Castiel hasn’t exactly had much experience when it comes to romance or sex. He’s been married more times than he’s been kissed, which in the Western tradition shouldn’t really be possible, but he still never dreamed he’d be kissed like this. With a kind of thoughtless ease, like it’s a habit they’ve always had, just never exercised. Something more muscle memory than intent.

“Don’t go anywhere,” Dean says against Cas’s lips before he rises to his feet and turns off the first faucet.

As he moves around the barrier to turn off the second, Cas settles to sit on his heels, ignoring the way the tiles dig into his knees. He doesn’t think about whether he should feel it, whether he’ll find bruises over his pale skin tomorrow morning. This body hasn’t been Jimmy’s in a very long time, but it was also never really his. It always remained a vessel, just one with fewer passengers and fewer implications to consider when he used it like it was his. Like when it—when he—craved Dean. But now, he feels. And not like the first time, back when Anna warned him it would get worse, or when Metatron stole his grace. Cas doesn’t think even Anna knew how true her words really were. How much worse the feeling would get. And now he has these sensations, these pulses of electricity running under his skin—

He stares at his open palms as Dean crouches in front of him again, lacing his fingers with his. “What’s the matter, sunshine?”

“I—” He swallows around the words, not sure how to say them. Not sure if it would change what Dean said he wants. Cas licks his lips and tries again. “I think I’m human.”

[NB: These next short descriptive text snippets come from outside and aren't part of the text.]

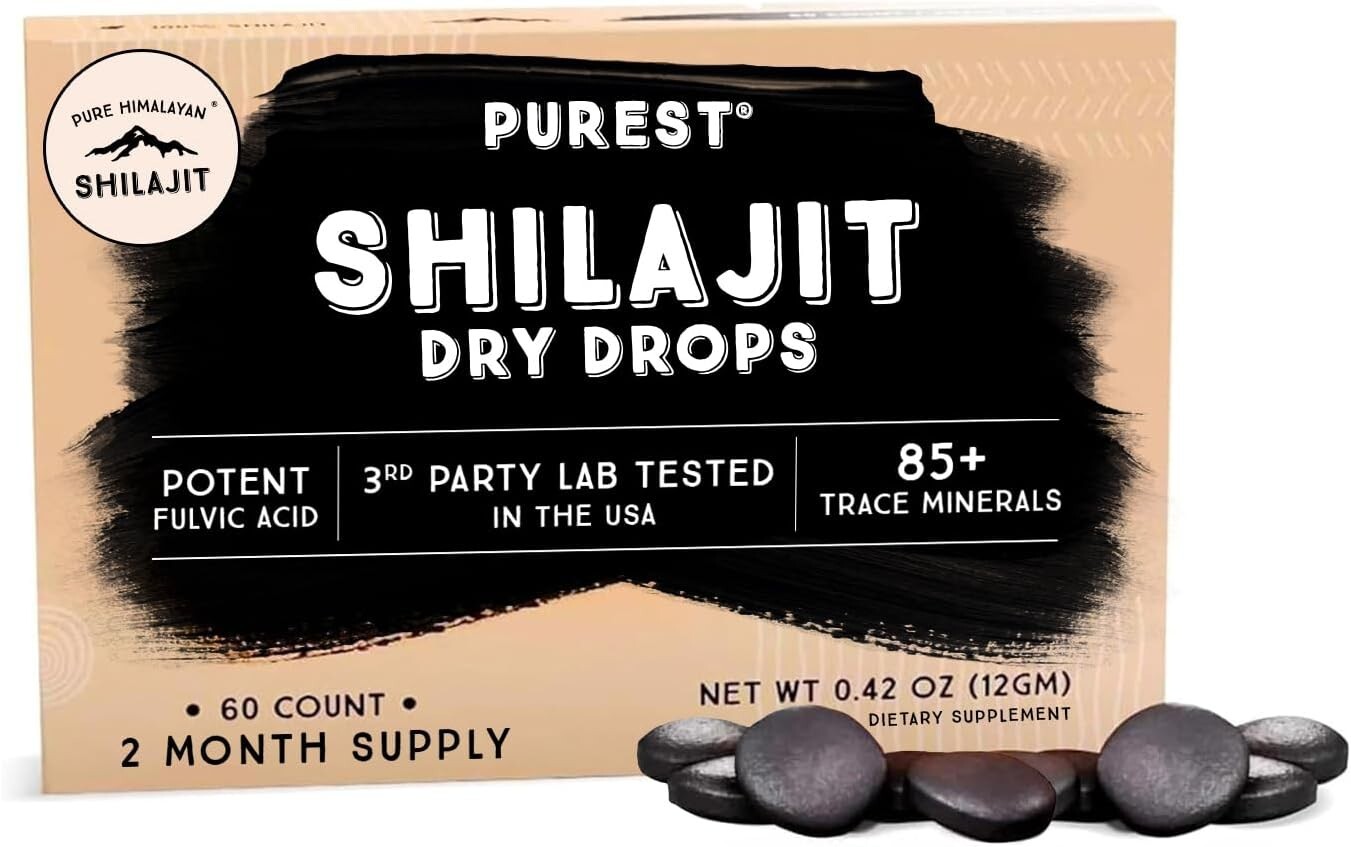 100% Pure Himalayan Shilajit Dry Drops - Grade A Max Potency Natural Resin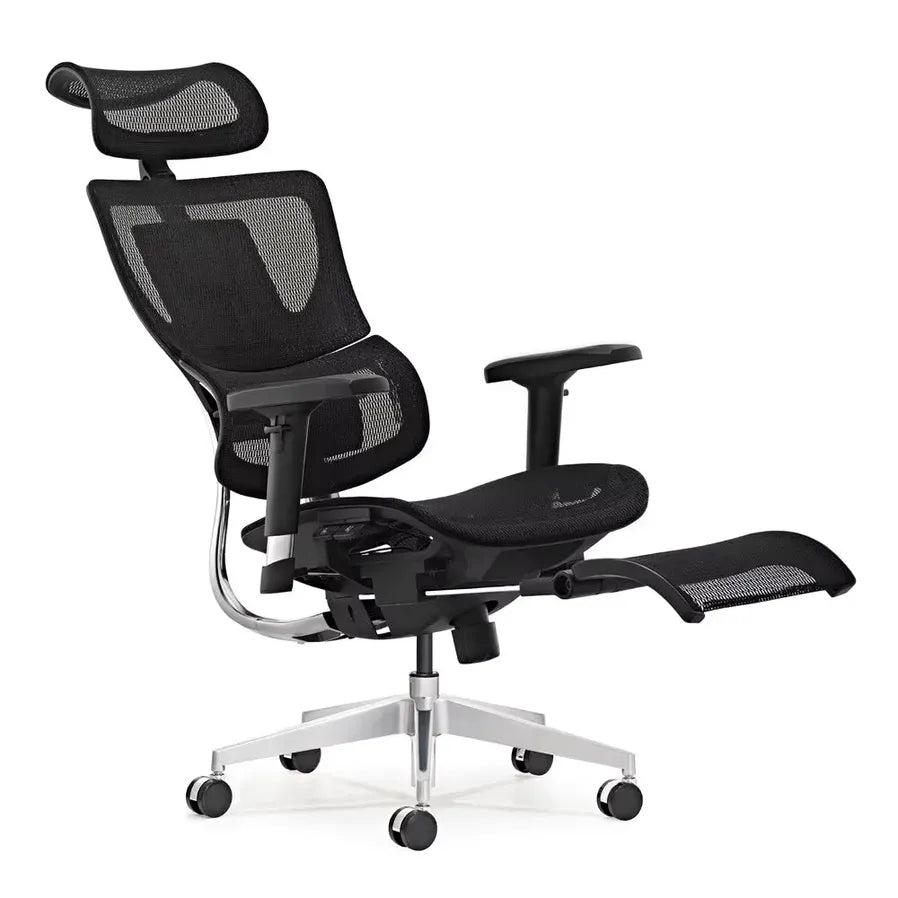 HKM-975379 Ergonomic Conference Chair with Adjustable Swivel and Footrest, Full Mesh Design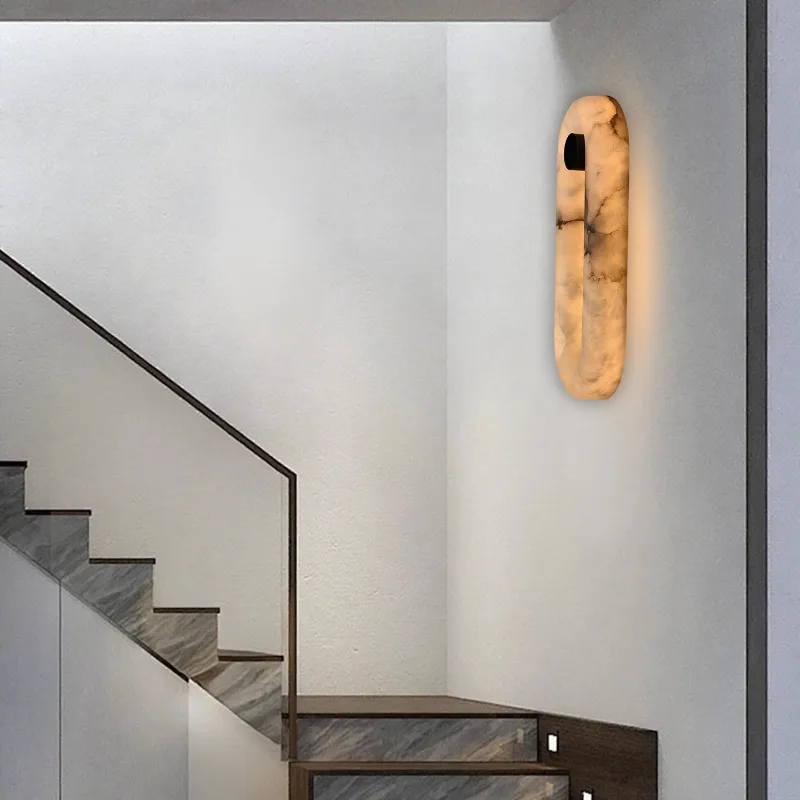 Spanish natural marble wall lamp, modern simplicity living room background wall lamp, entrance aisle bedroom lamp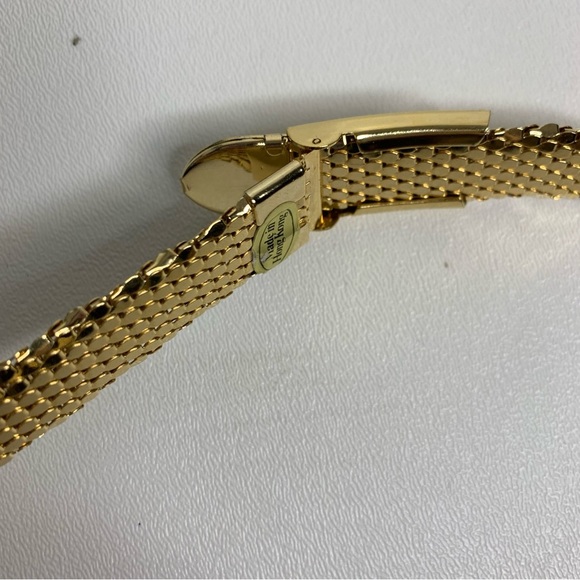 Gold Tone Shiny Snake Scale 70-s 80's Style Disco Retro Slider Womens Belt Sz S - Picture 4 of 8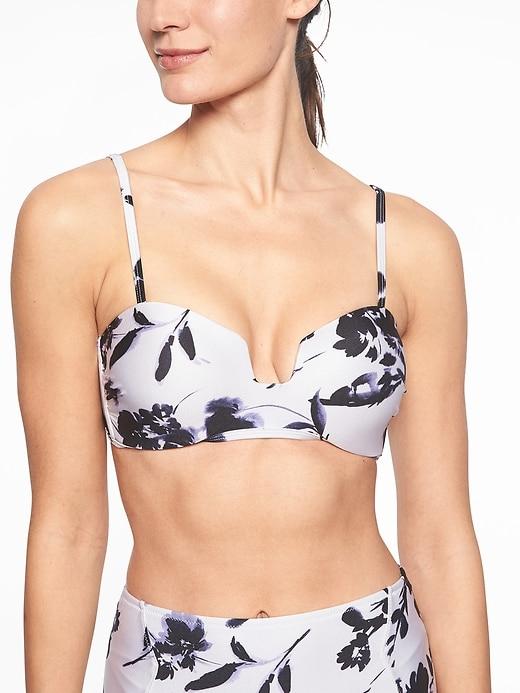 Athleta Womens Aqualuxe Print Square Plunge Bikini Top White Size L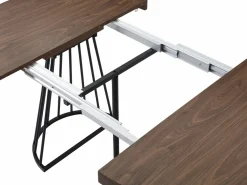 Mesa de comedor extensible 2 a 12 personas en MDF y acero - Marrón oscuro natural y negro - FIRELA^Vente-unique Sale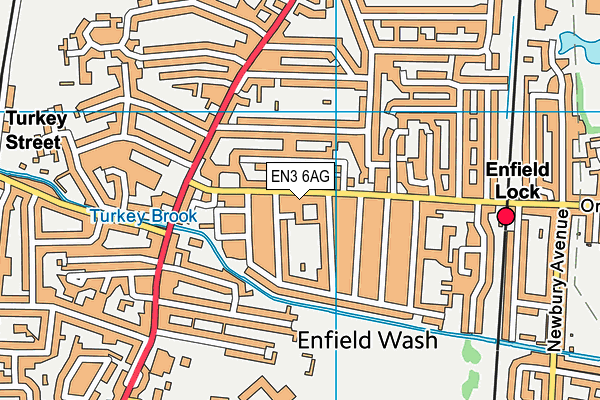 EN3 6AG map - OS VectorMap District (Ordnance Survey)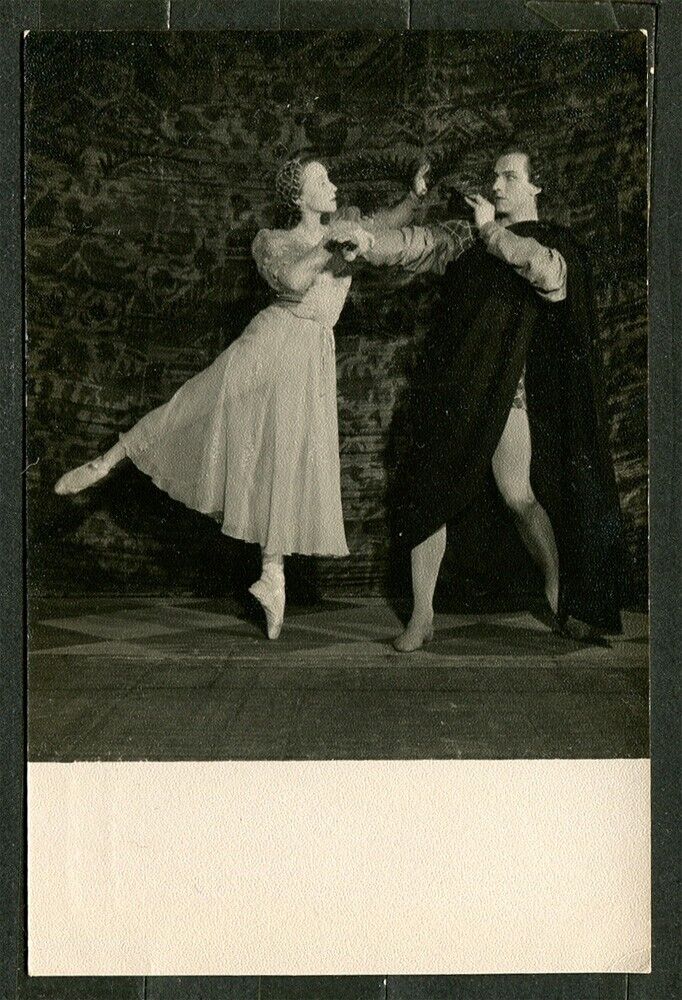 1957, LEGENDARY DANCER GALINA ULANOVA, ROMEO & JULIET BALLET, RUSSIAN POSTCARD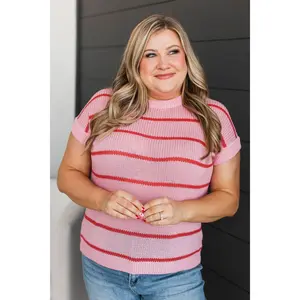 Echoes Of Forever Striped Knit Top- Pink & Orange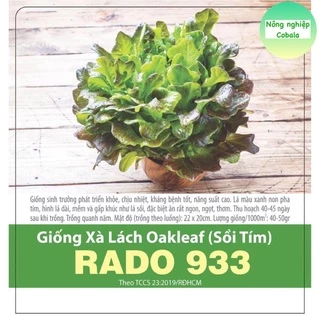 Hạt Giống Xà Lách Oakleaf (Sồi Tím) 2gr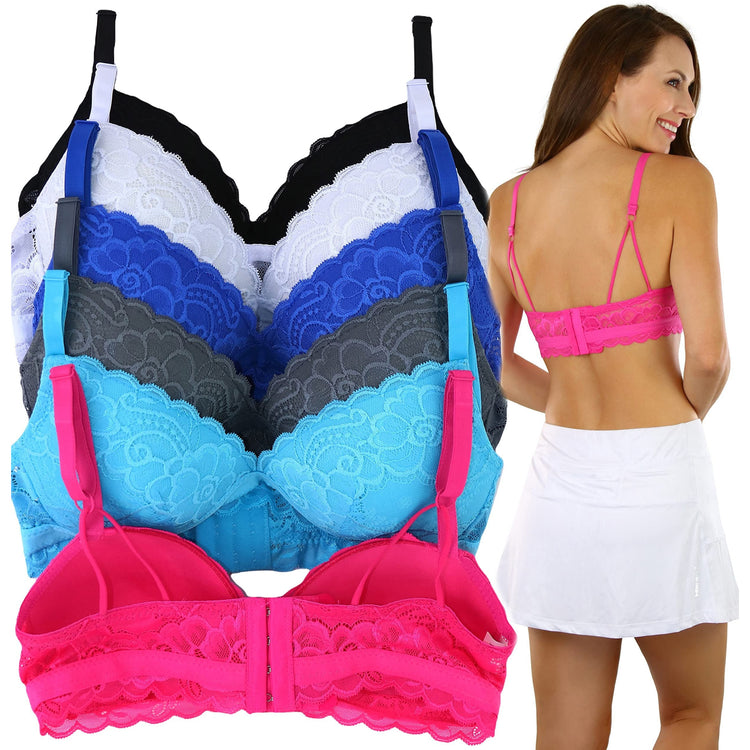 Women's Pack of 6 Padded Bras with Lace Trim Detail and Triangle Back Straps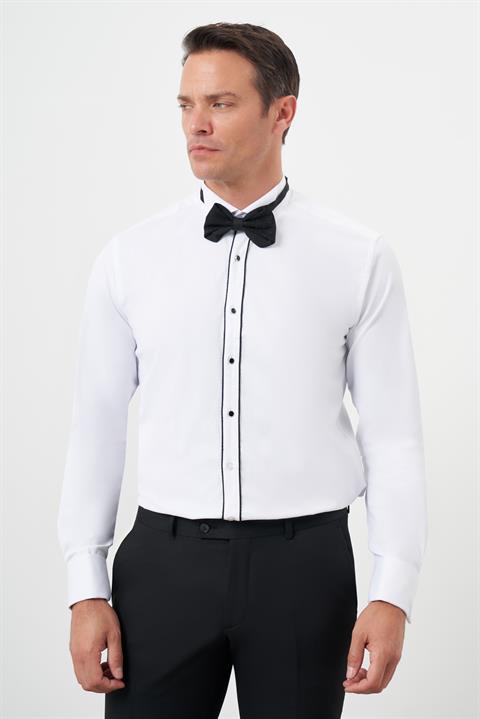 Мужская черная рубашка с воротником-стойкой, slim fit, 57% хлопок, 40% полиэстер, 3% ликра, длинные рукава, модель L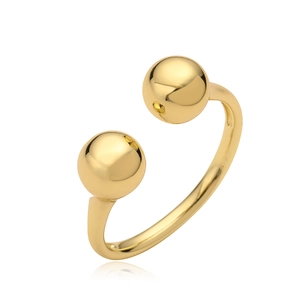 Minimalist gold-plated open ring with double polished beads in a 45-degree side view
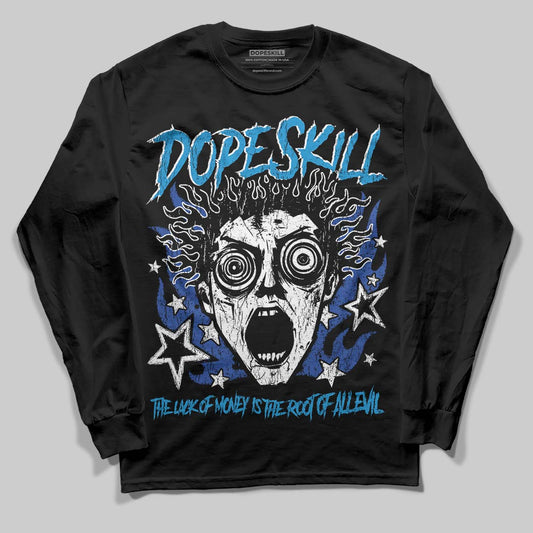 Royal Blue Sneakers DopeSkill Long Sleeve T-Shirt Root of Evil Graphic Streetwear - Black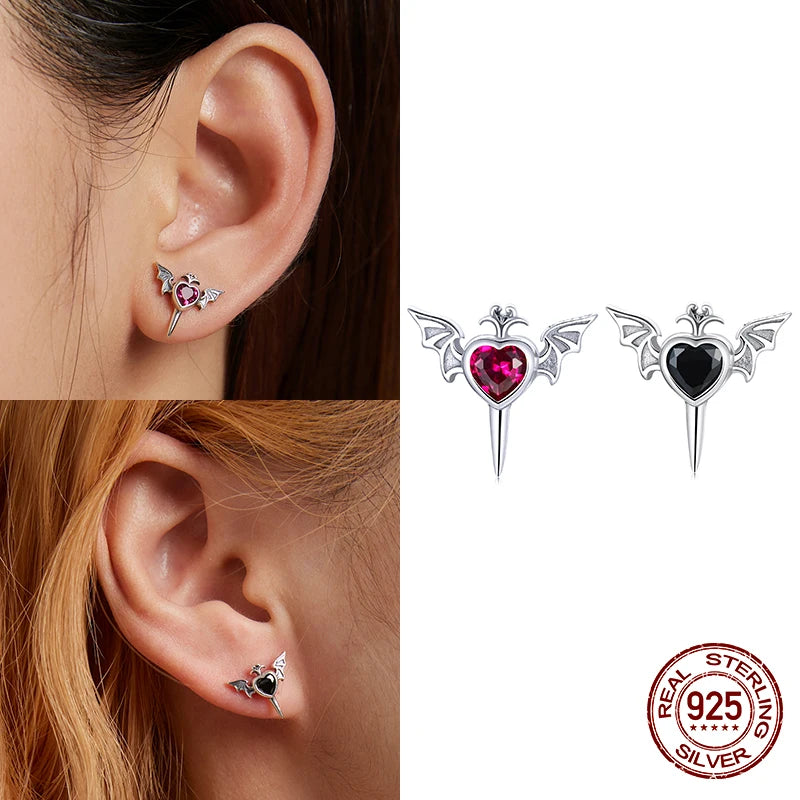 S925 Gothic Heart Stud Earrings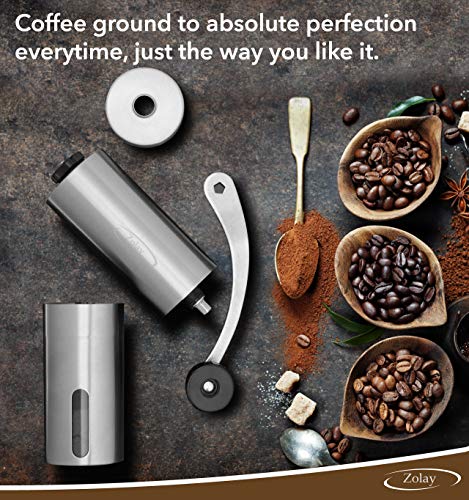 Zolay® Manuelle Kaffeemühle aus gebürstetem Edelstahl, konische Gratsmühle – Kaffeemühle für französische Presse… – Bild 3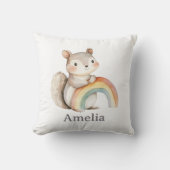 Coussin Cute Écureuil Tenant Un Arc-En-Ciel Une Pépinière  (Recto)
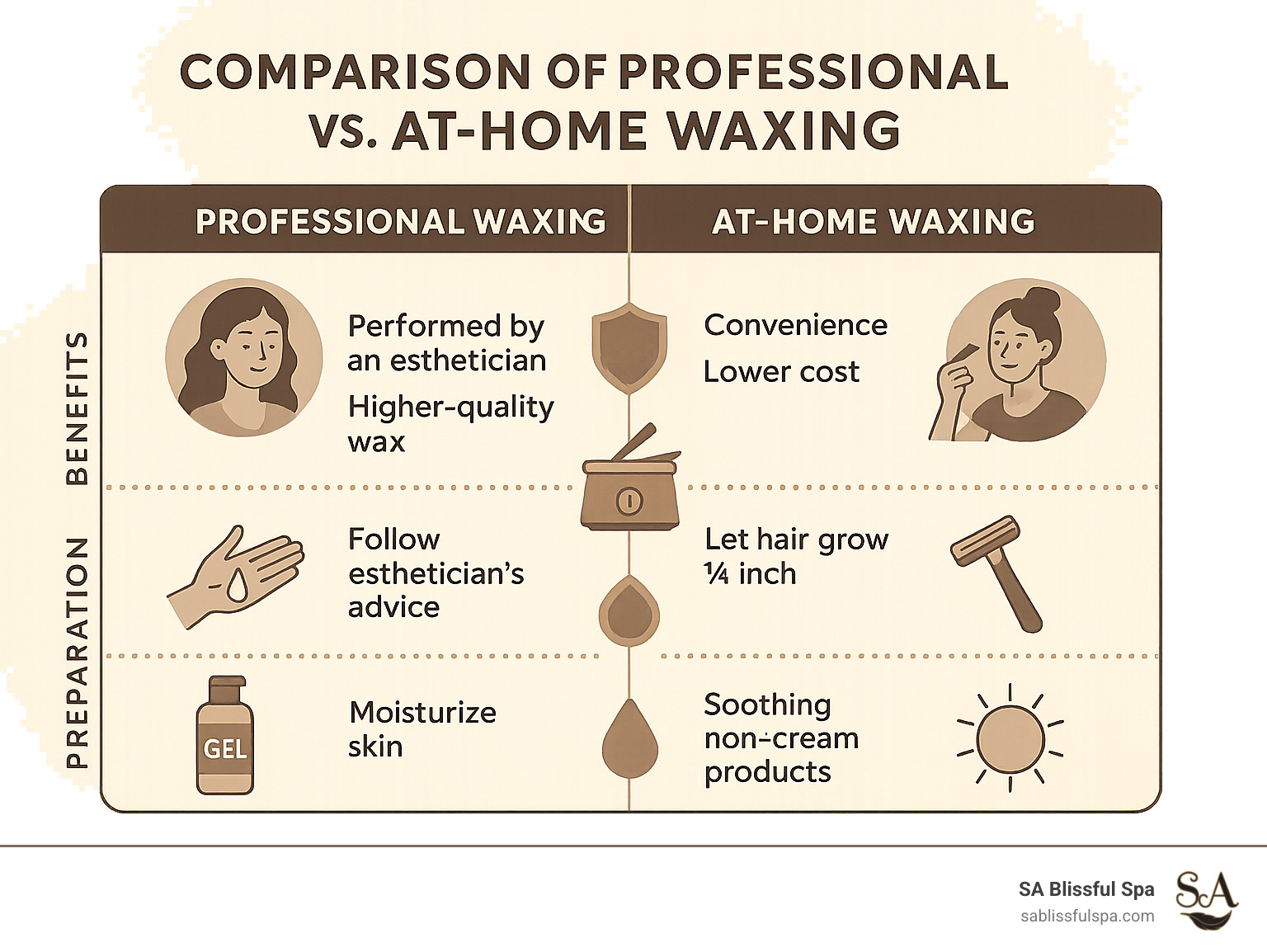 Comparison of professional vs at-home waxing showing benefits, preparation steps, and aftercare for spa and wax services - spa and wax near me infographic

Dean’s brow furrows in that way Cas figured out long ago means he needs a second to puzzle through whatever he just heard. His green eyes flit quickly over Cas’s hands, his body, up to his face. “You don’t have any grace?”

Cas shakes his head. At least, he doesn’t think so. Everything is too real, too close. His grace always felt like a thin layer of something, like cling wrap protecting him from Earth and the humans in his charge. But now Cas can feel everything, even the gentle tremor in Dean’s grip from his heart pumping the blood around his body, keeping him alive.

“You think we left it back in the Empty?” Dean asks, quiet.

“I don’t know,” Cas answers back, quieter.

Dean settles onto the tile, not even bothering with the fact that he’s sitting directly in a puddle pooling around one of the drains in the floor. “Maybe,” he starts, his fingertips tracing the underside of Cas’s wrist, daring to disappear just a little underneath his suit jacket. “Maybe it just needs to recharge like our hot water tank here.” Dean tips his head towards the shower stalls. Cas finally looks at him and finds absolutely nothing has changed. He smiles a little at Cas, an attempt at comfort when neither of them knows what this might mean, and Cas drops the rest of the way onto the floor.

“You don’t care?” Cas asks, a little bewildered. Dean didn’t have any use for him when Metatron stole his grace, and he didn’t make a very good human on his own. He knows why Dean did it—and he understands, he does—but he also knows his usefulness will run much thinner without the powers of Heaven behind him.

Dean laughs. He actually laughs. Before answering, he takes Cas’s face in his hands again and kisses him hard. Hard enough that their teeth press up behind their lips. “No, Cas,” he says when he pulls away. “Only as much as it matters to you. But I’m all in, angel or not. All right?” He doesn’t let Cas’s face go, doesn’t let him drop his gaze or shrink away. “We’ll figure it out. Together.”

This time, Dean doesn’t have to pull Cas towards him. Cas meets him halfway.  

“I’ll admit, this wasn’t exactly the way I pictured this happening for the first time,” Dean says as he peels Cas’s suit jacket off him, still sopping wet and starting to harden.

Cas gets stuck in one arm, the ooze having hardened over him like a cast. “You’ve pictured this before?”

Dean’s ears burn hot. He shouldn’t be embarrassed admitting that he wants to undress the guy he’s just spent the last twenty minutes making out with. The guy he’s spent the last several months planning to either save from oblivion or die trying. But he still finds it there, bubbling under his skin. “Yeah, I guess I have.”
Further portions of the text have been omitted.